About this exercise: Retype the records below exactly as they stand, omitting the pictures.

Caption-style text data:

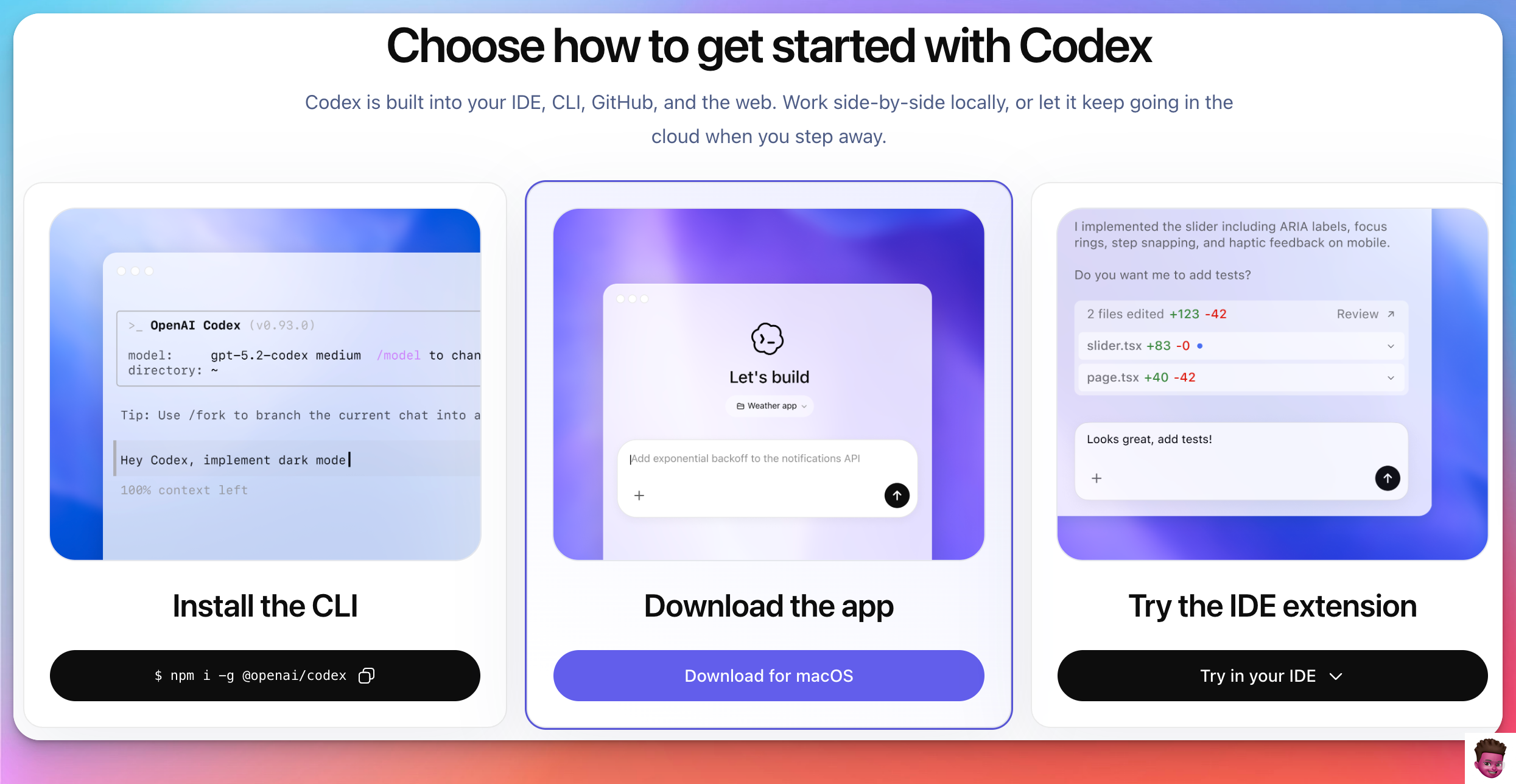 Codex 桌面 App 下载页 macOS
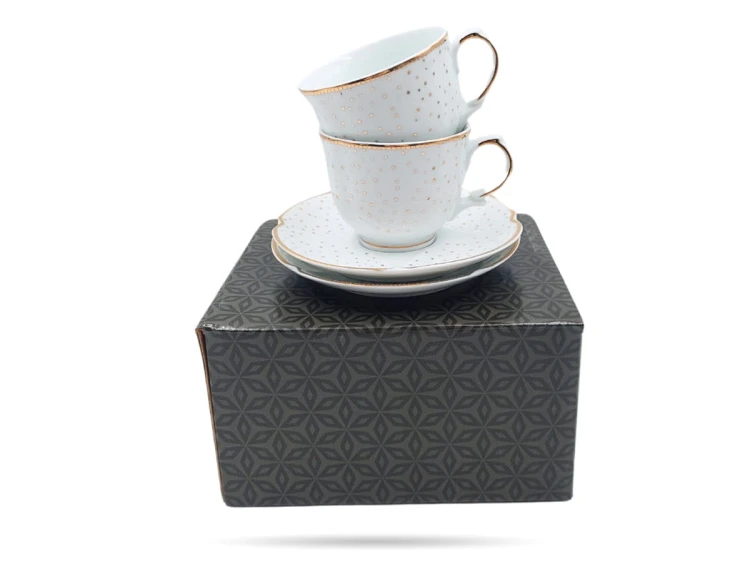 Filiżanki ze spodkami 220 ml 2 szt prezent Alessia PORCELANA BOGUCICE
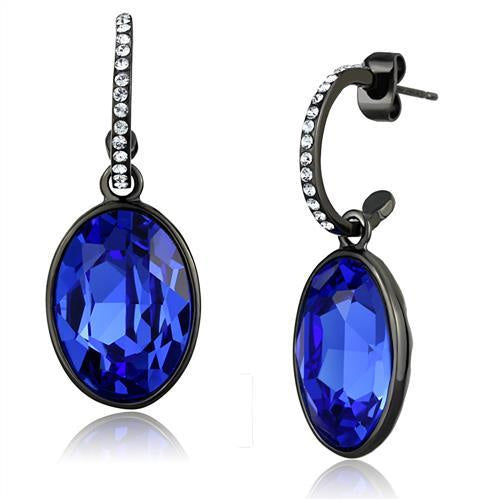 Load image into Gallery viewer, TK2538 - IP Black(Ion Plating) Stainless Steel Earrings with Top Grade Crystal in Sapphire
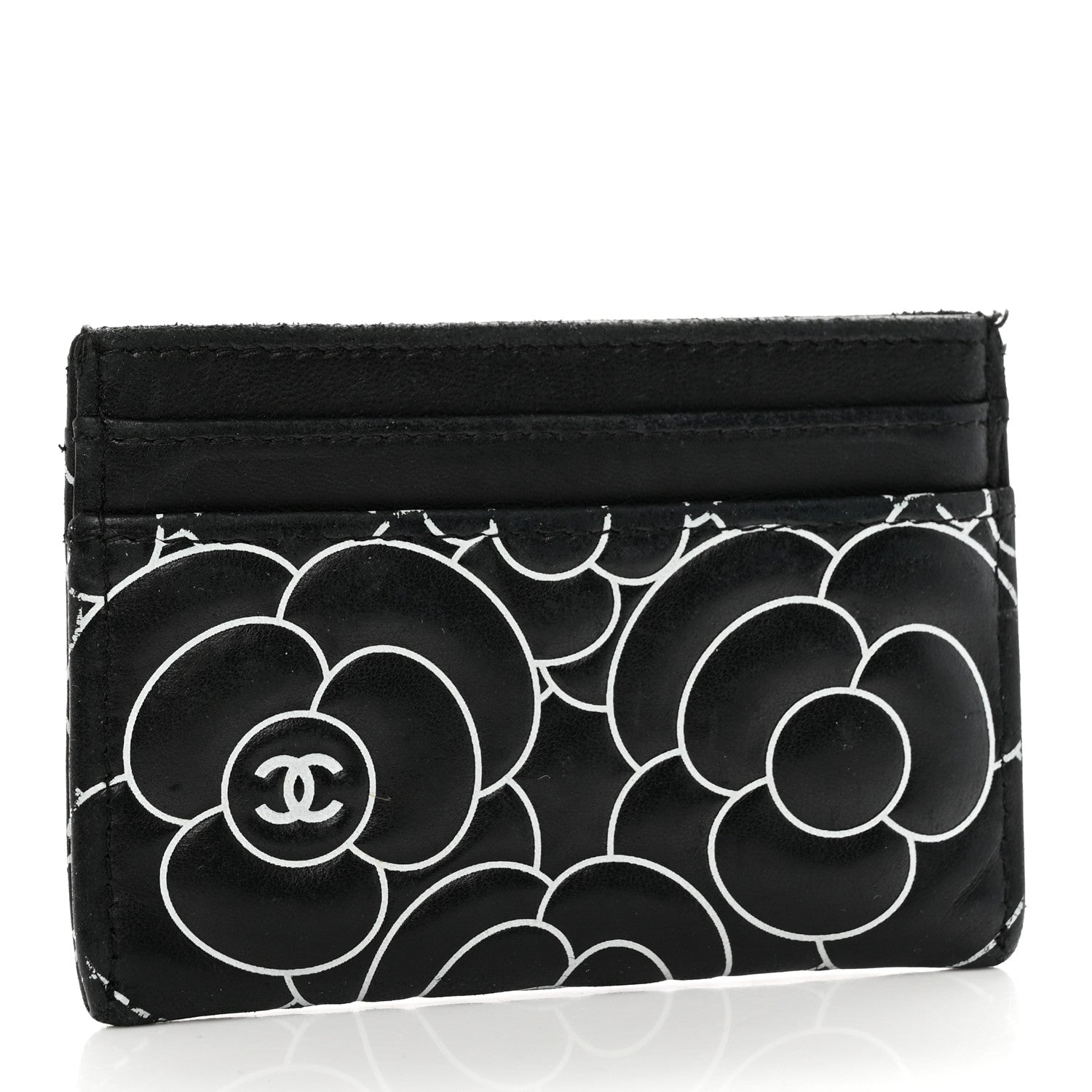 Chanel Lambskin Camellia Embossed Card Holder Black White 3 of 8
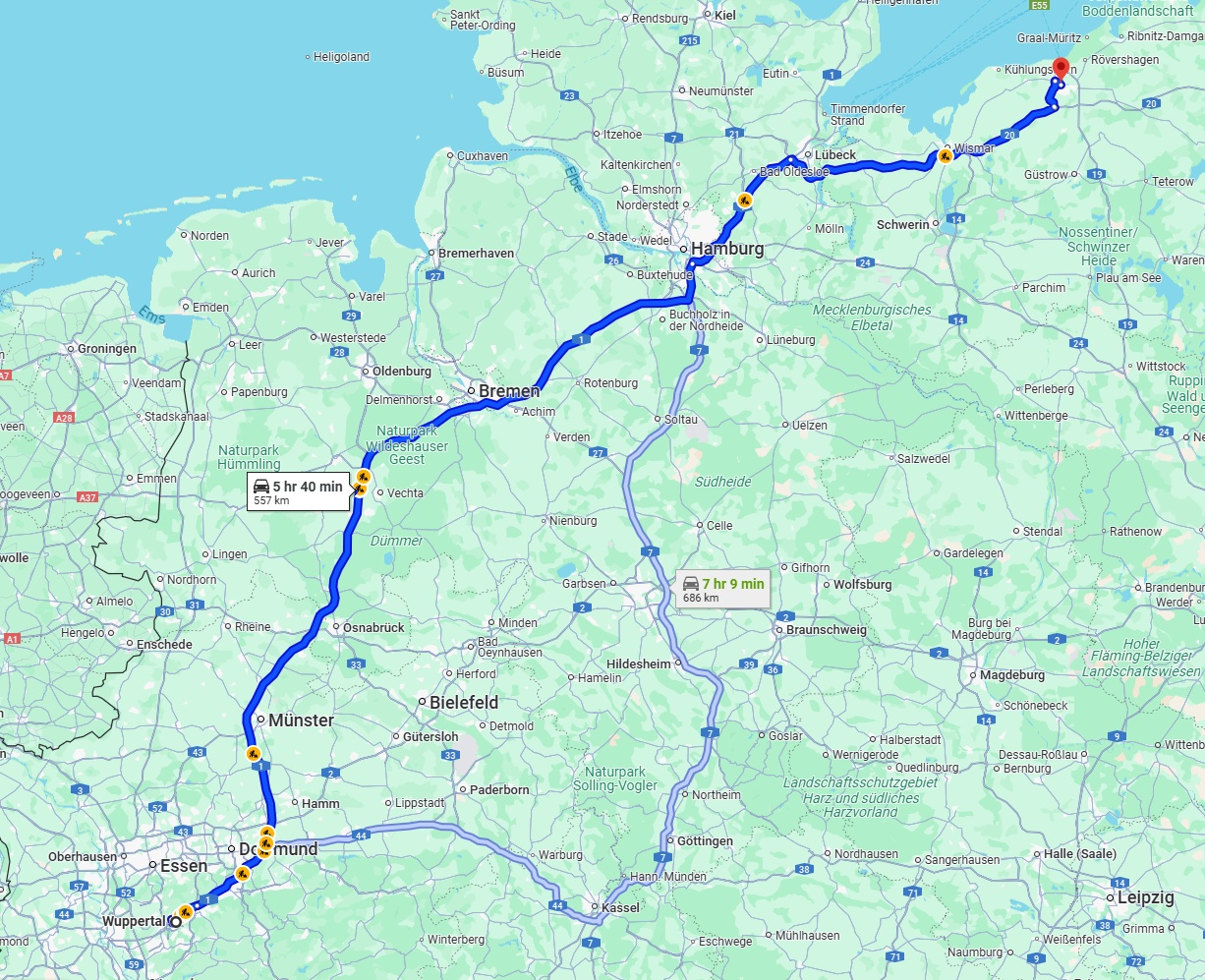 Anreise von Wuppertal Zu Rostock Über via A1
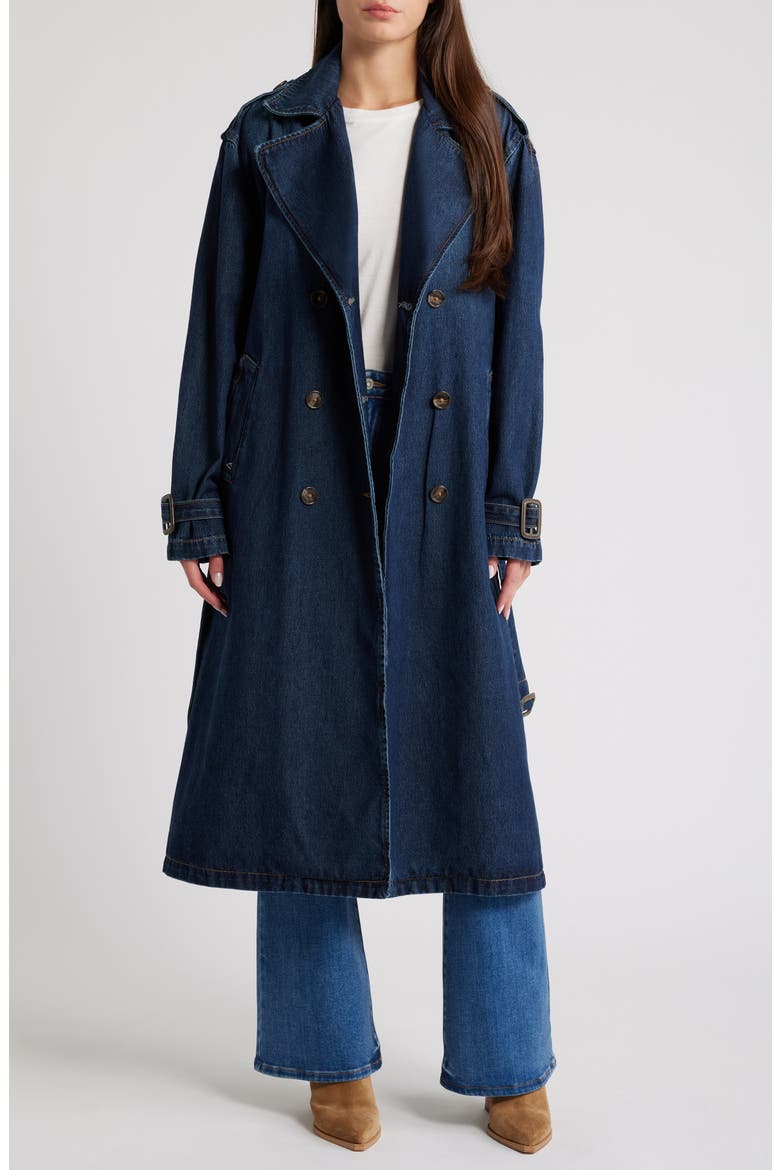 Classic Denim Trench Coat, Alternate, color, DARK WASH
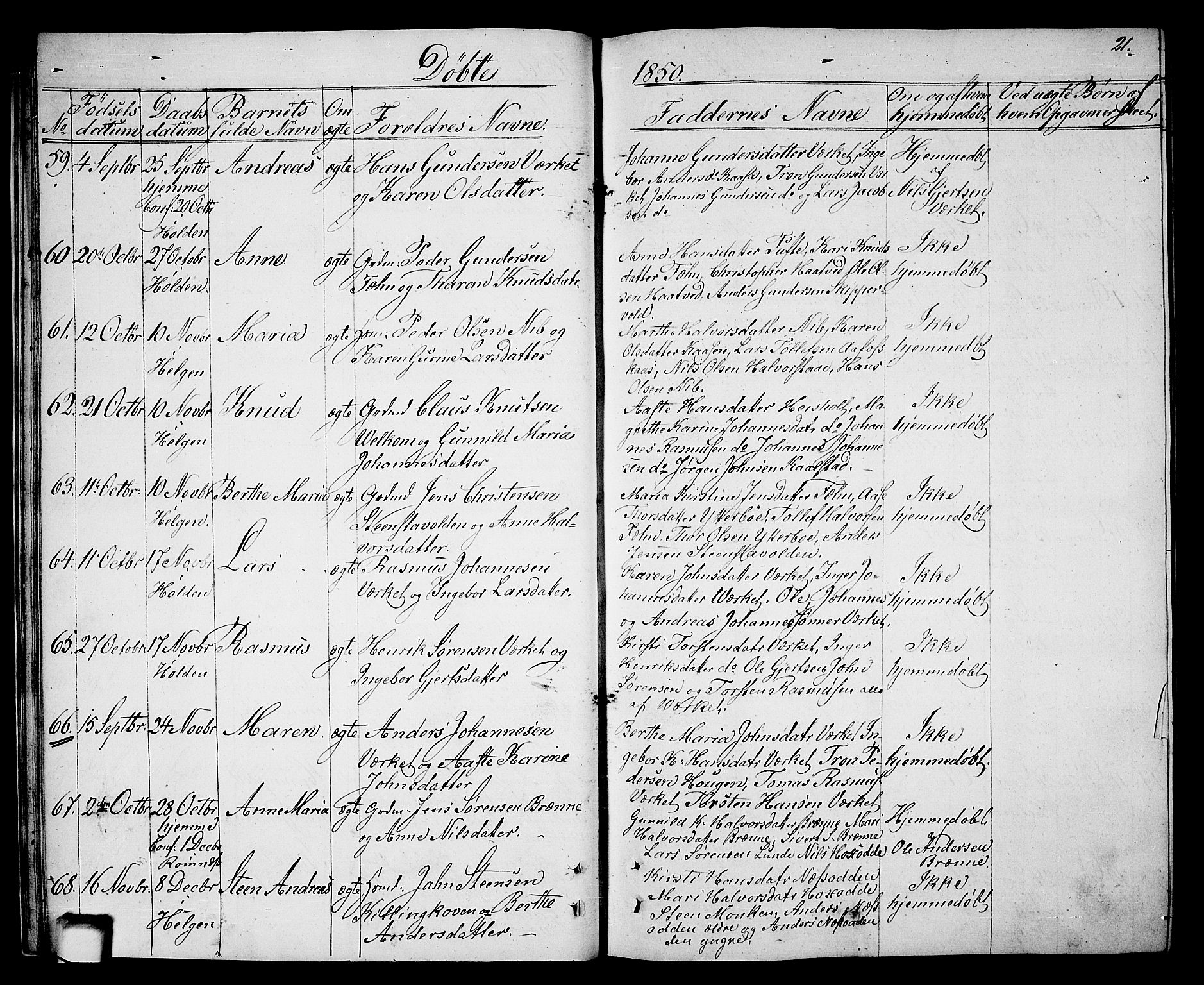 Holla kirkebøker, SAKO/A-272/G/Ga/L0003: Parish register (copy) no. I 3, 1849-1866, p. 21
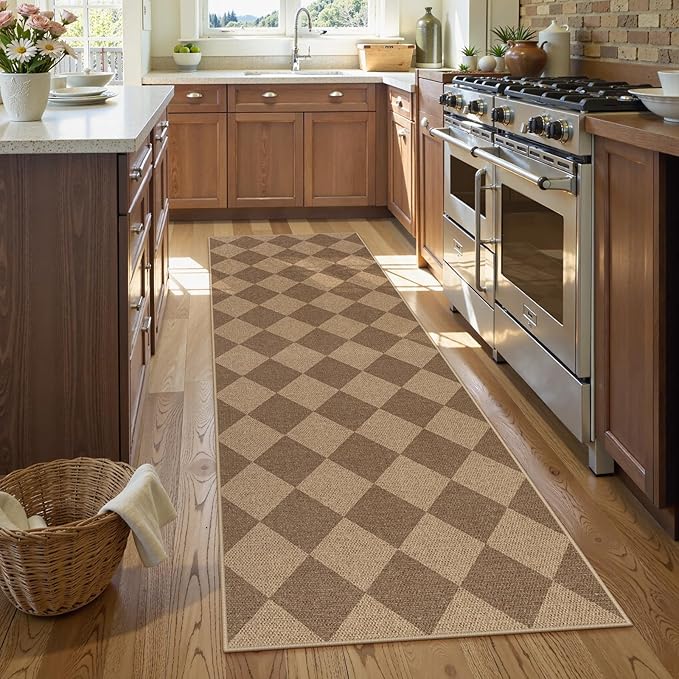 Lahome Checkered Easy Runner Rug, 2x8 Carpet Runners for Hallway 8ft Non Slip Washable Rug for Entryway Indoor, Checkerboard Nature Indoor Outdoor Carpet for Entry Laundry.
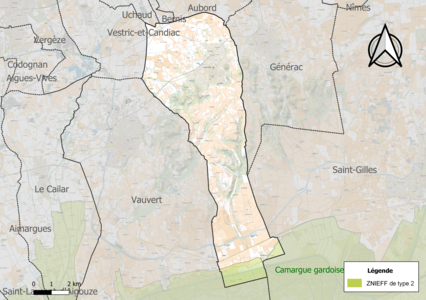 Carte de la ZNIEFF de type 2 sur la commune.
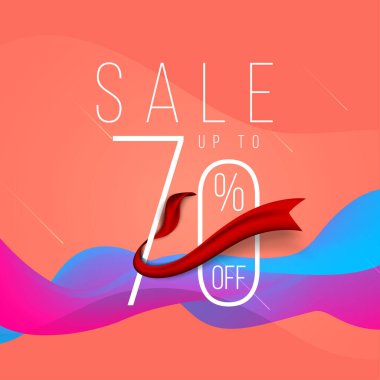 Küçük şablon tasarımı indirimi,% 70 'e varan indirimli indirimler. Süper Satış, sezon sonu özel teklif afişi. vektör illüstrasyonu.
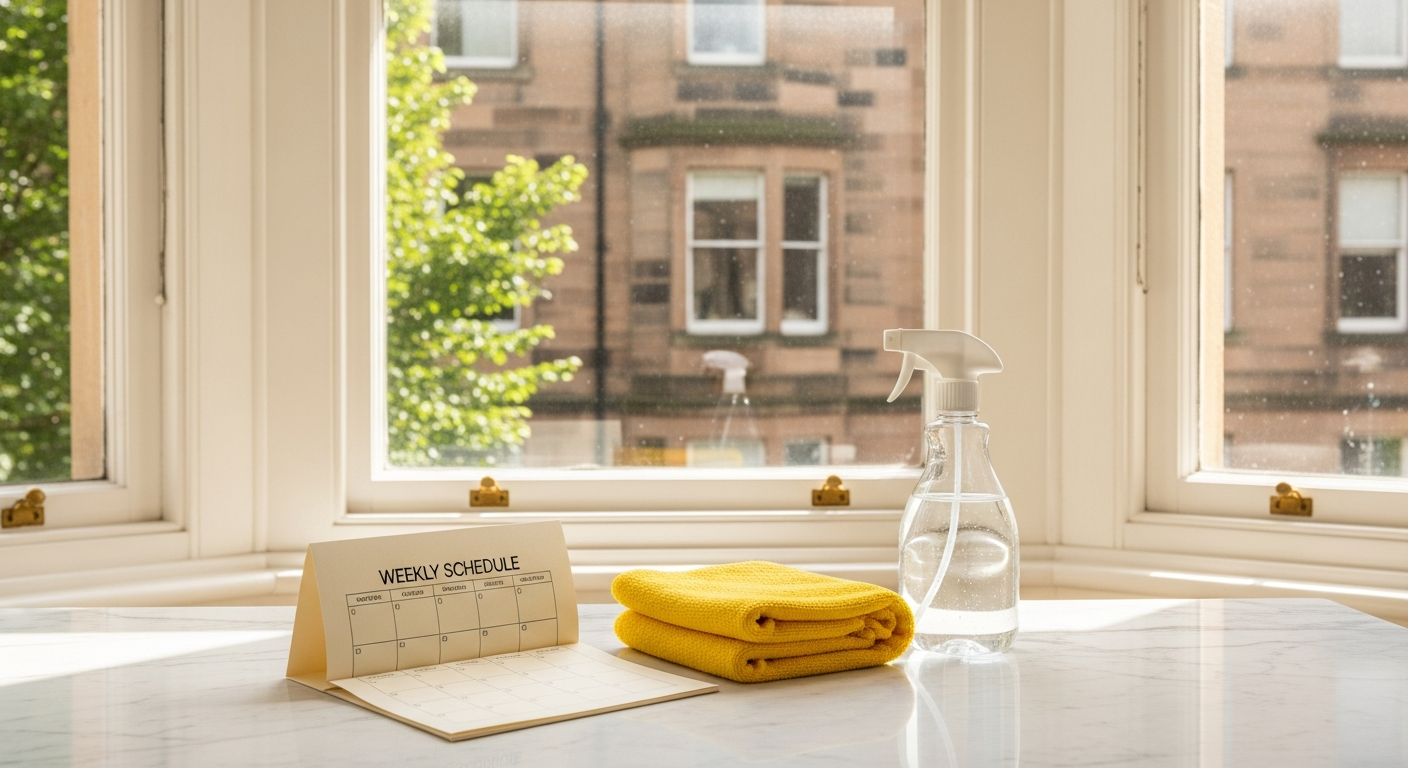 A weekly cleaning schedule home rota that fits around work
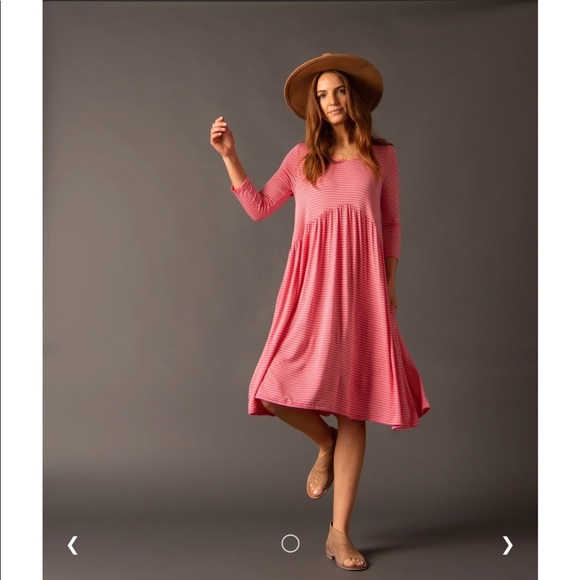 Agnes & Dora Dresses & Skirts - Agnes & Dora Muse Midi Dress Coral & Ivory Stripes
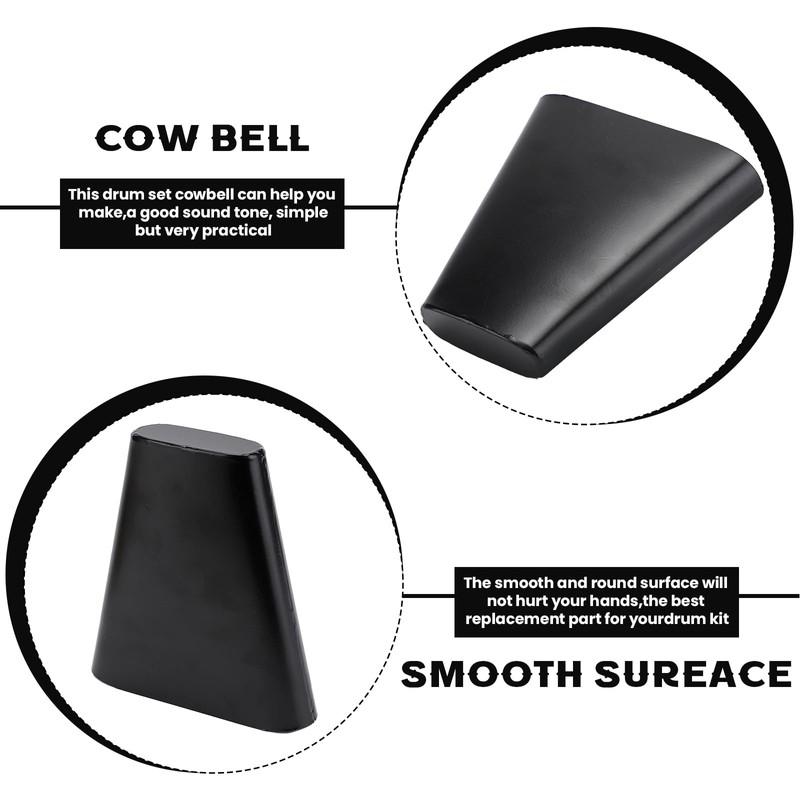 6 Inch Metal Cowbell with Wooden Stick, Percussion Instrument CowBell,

Answer section:
 Codex 桌面 App 下载页 macOS
 Filiżanki ze spodkami 220 ml 2 szt prezent Alessia PORCELANA BOGUCICE
 Load image into Gallery viewer, TK2538 - IP Black(Ion Plating) Stainless Steel Earrings with Top Grade Crystal in Sapphire
 Chanel Lambskin Camellia Embossed Card Holder Black White 3 of 8
 Anreise von Wuppertal Zu Rostock Über via A1
 Classic Denim Trench Coat, Alternate, color, DARK WASH
 Holla kirkebøker, SAKO/A-272/G/Ga/L0003: Parish register (copy) no. I 3, 1849-1866, p. 21
 Lahome Checkered Easy Runner Rug, 2x8 Carpet Runners for Hallway 8ft Non Slip Washable Rug for Entryway Indoor, Checkerboard Nature Indoor Outdoor Carpet for Entry Laundry.
 Carte de la ZNIEFF de type 2 sur la commune.
 Küçük şablon tasarımı indirimi,% 70 'e varan indirimli indirimler. Süper Satış, sezon sonu özel teklif afişi. vektör illüstrasyonu.
 A weekly cleaning schedule home rota that fits around work
 Agnes & Dora Dresses & Skirts - Agnes & Dora Muse Midi Dress Coral & Ivory Stripes
 6 Inch Metal Cowbell with Wooden Stick, Percussion Instrument CowBell,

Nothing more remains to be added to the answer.